Your instructions ▸ Every line in the records below with the string "image" needs to be copied out.

Material provided ▸
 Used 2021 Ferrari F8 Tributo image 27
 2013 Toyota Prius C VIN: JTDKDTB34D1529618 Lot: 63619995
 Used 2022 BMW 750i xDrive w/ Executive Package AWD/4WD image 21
==
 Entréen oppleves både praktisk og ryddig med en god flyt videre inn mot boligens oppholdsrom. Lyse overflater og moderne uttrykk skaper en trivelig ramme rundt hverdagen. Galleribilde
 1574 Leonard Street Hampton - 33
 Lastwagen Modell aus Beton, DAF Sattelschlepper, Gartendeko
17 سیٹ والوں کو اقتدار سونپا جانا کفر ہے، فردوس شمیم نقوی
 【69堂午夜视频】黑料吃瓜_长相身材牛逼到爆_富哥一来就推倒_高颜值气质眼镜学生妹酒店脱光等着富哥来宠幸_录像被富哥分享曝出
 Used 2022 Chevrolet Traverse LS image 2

Result below ▸
 Used 2021 Ferrari F8 Tributo image 27
 Used 2022 BMW 750i xDrive w/ Executive Package AWD/4WD image 21
 Used 2022 Chevrolet Traverse LS image 2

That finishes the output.